That is not the point of this thread.

>> No.17558503

>>17558451
you sure you wanted to answer me and not OP? or your point is that burning didn't work?

>> No.17558509

>>17556895
printing infinite resources on this gay planet wen?

>> No.17558566

>>17558499
The point of this thread is "Help me justify the looting of 'hoarded' wealth. After all, 'hoarded' wealth is a detriment to the economy, isn't it?"

You are coveting that wealth for yourself. Thou shalt not covet.

>> No.17558609

>>17558566
I DON'T WANT TO TAKE THEIR MONEY. WHAT PART OF THIS IS DIFFICULT FOR YOU TO UNDERSTAND.
I WANT TO KNOW WHY, IF IT IS A DETRIMENT, THAT WE WOULD ALLOW THAT TO HAPPEN.
THAT IS NOT THE SAME.

>> No.17558610

>>17558379
First of all the money hardly ever just sits there. The money either goes in a bank which lends it or in assets (houses/land/stocks etc) which are bought and sold all the time producing transactions and economic activity. Now, money is printed which makes it less valuable but at the same time goods, services and population are constantly growing so there's more stuff to buy which evens it out.

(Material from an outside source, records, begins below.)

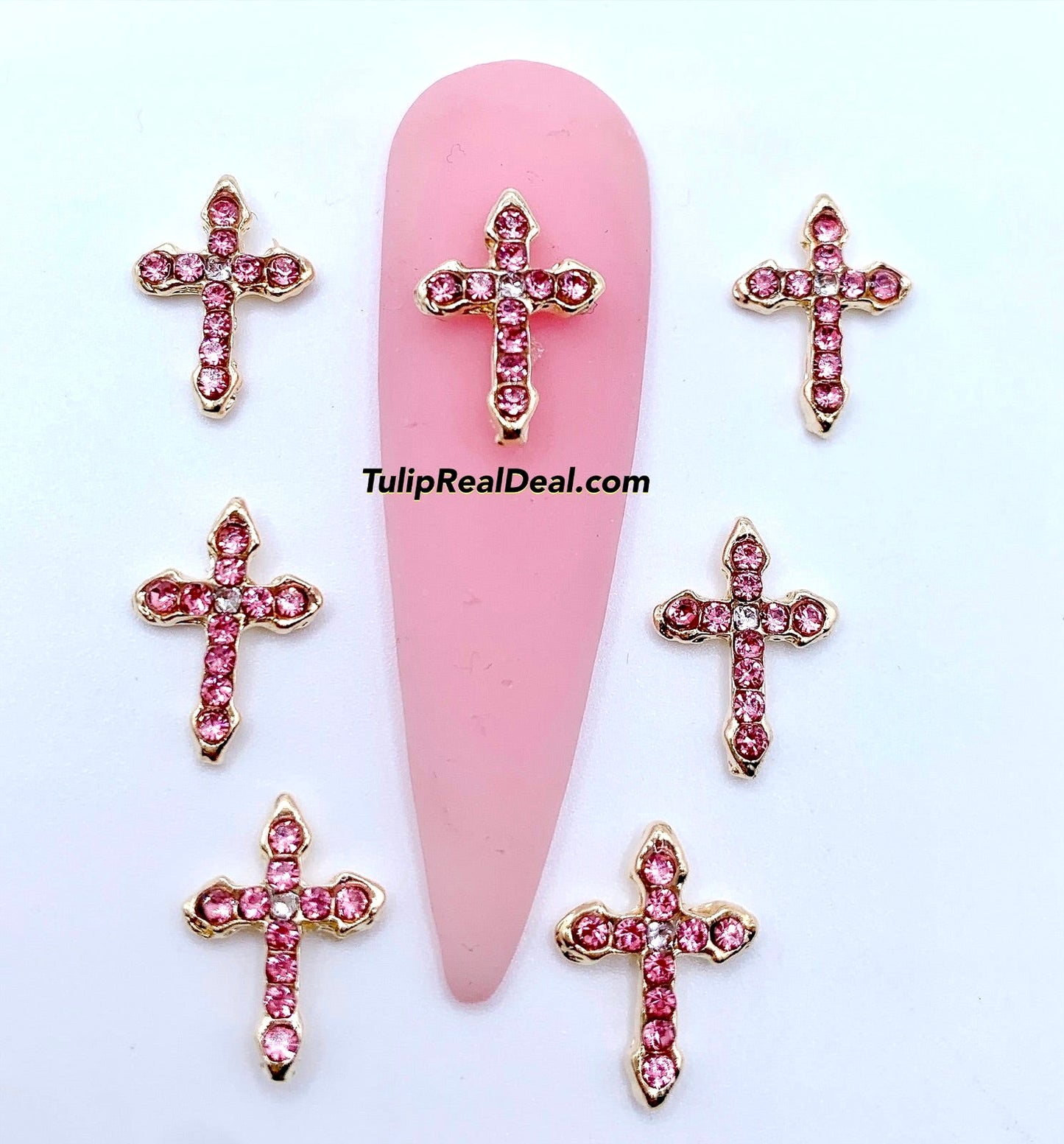3D Bling PINK Cross nail charms 10pcs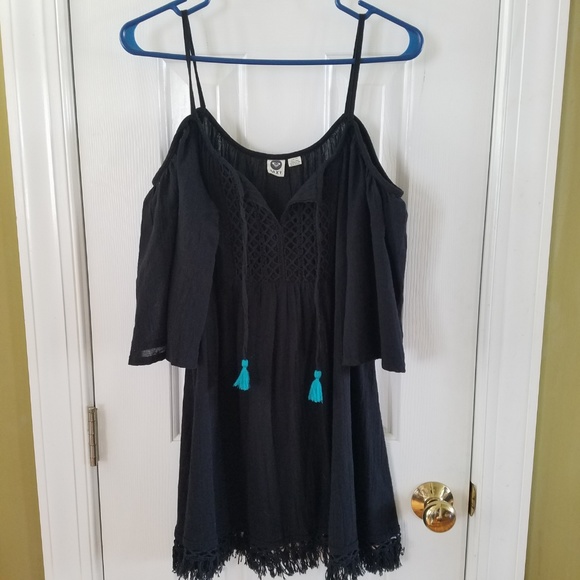Roxy Off-the-Shoulder Fringe Trim Boho Dress - Picture 2 of 8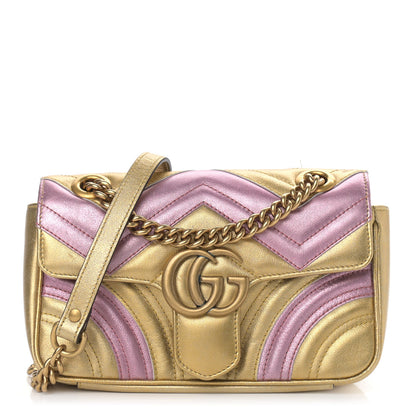 Gucci Metallic Calfskin Matelasse Mini GG Marmont Shoulder Bag Gold Pink 1 of 14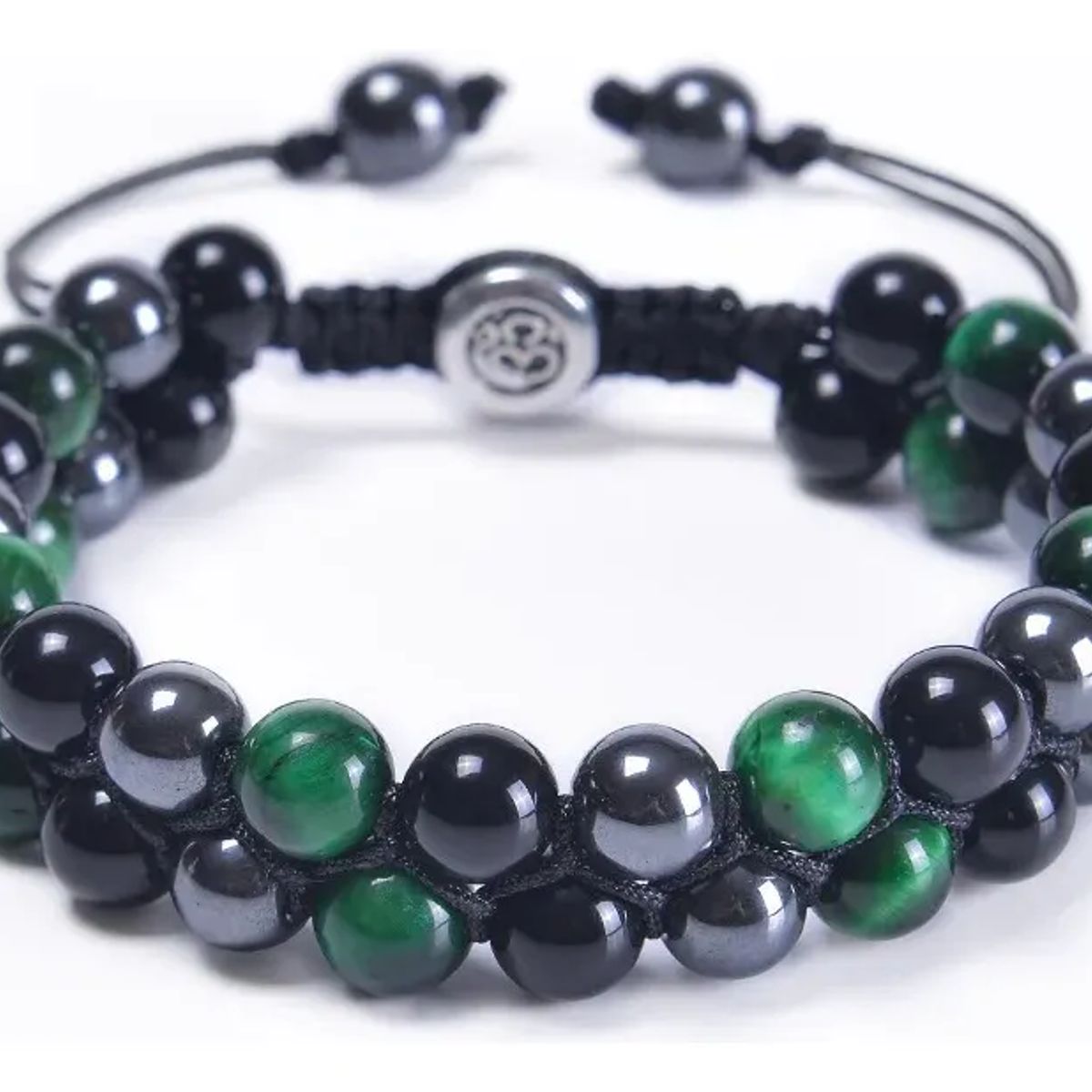 GENERICO - Pulsera Piedra Ojo De Tigre Green Hematita Hombre Mujer M1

Governments and central banks try to print enough money to hit just the right balance between devaluing money and therefore making it unprofitable to just hoard it but not enough that it spirals into hyperinflation which leads to money not having any worth

>> No.17558617

>>17556895
There is infinite money but no one will necessarily accept 99.9% of it. Try to make some. Good money gets hoarded of course.

>>17557369
>The more money in circulation the less value it holds against your work and your goods
Just because there's more money doesn't mean there's more demand for anything in particular. How the quantity effects exchange rates of things has to do with how things really translate into demand.

>>17557299
No because those are real physical entities. Money is just IOU's, there's no physical limit to how much debt can exist. Everything could be worthless or infinitely expensive.

>>17557853
It's literally impossible to borrow anything from the future. You fell for figurative language lol

>>17558463
Gluttony is a sin but it ain't stopping me from chowing down anytime soon

>> No.17558633

>>17558610
Panama Papers prove there is at least 600 billion dollars sitting around not doing anything.

>> No.17558669

>>17558633
>Panama Papers prove there is at least 600 billion dollars sitting around not doing anything.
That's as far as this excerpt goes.